*** MATERIAL PROVIDED Section Begins ***
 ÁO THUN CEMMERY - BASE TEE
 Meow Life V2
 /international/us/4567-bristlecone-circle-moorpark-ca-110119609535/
*** MATERIAL PROVIDED Section Ends ***
What you return must match the data line for line.

 ÁO THUN CEMMERY - BASE TEE
 Meow Life V2
 /international/us/4567-bristlecone-circle-moorpark-ca-110119609535/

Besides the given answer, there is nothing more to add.